Abidjan, Oct 28 - Unlicensed cocoa buyers from neighbouring Ghana crossed into Ivory Coast to take advantage of an ongoing Ivorian cocoa strike while exporters wait for deliveries to load on ships, farmers said on Tuesday.
Farmers in the southwestern region around the port of San Pedro, which handles nearly 50 percent of output from the world's biggest grower, and also in the east, began blocking cocoa deliveries last week as they hold out for higher prices.
"The strike continues," said Joseph Yao Kouame, head of the SAPICOCI union. "In the bush we are making sure that beans aren't leaving."
Cocoa merchants in Abidjan and San Pedro, the West African country's two ports, have said the strike is disrupting their schedules.
"There are no trucks this morning because of the strike," said a purchasing manager with a European exporting firm in Abidjan on Tuesday.
"We have our factories, we have our targets, and we are well behind those targets," he said. "We have met only 27 percent of our targets for October."
Port-side arrivals of beans ready for shipment are less than half their level at this time last year, at around 63,000 tonnes from Oct. 1-26, down from 167,292 tonnes.

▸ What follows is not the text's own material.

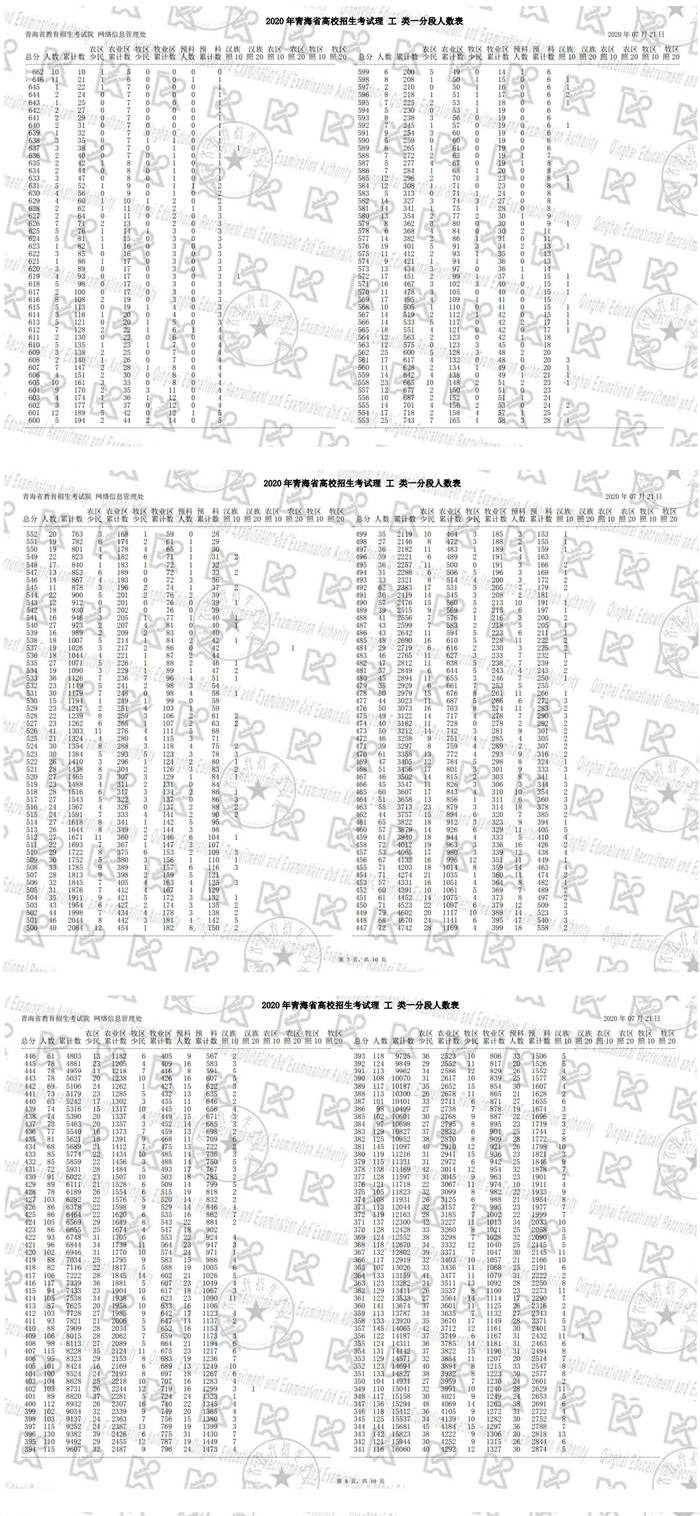 威尼克斯appV1.2专业版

Cocoa merchants from Ghana, the world's No. 2 grower, were crossing the border to attempt to illegally buy Ivorian cocoa at higher prices than licensed buyers are offering.
"There are lots of Ghanaian buyers who are slipping into the region to buy at 600-650 francs, but still farmers aren't too enthusiastic about selling," farmer Joseph Amani said.
The striking farmers want buyers to pay the full 700 CFA francs ($1.34) per kg reference price set earlier this month by the government and the committee that manages the industry, but which traders say is well above market levels.
In the east of the country, a less important growing region than the southwest but still a major source of cocoa, there were signs some farmers had responded to recent attempts by traditional chieftains to broker a deal.
"After the king's appeal for calm, strikers have lifted some barriers and some of them have begun loading to sell in Abidjan, particularly those who have received money from exporters," Amani said.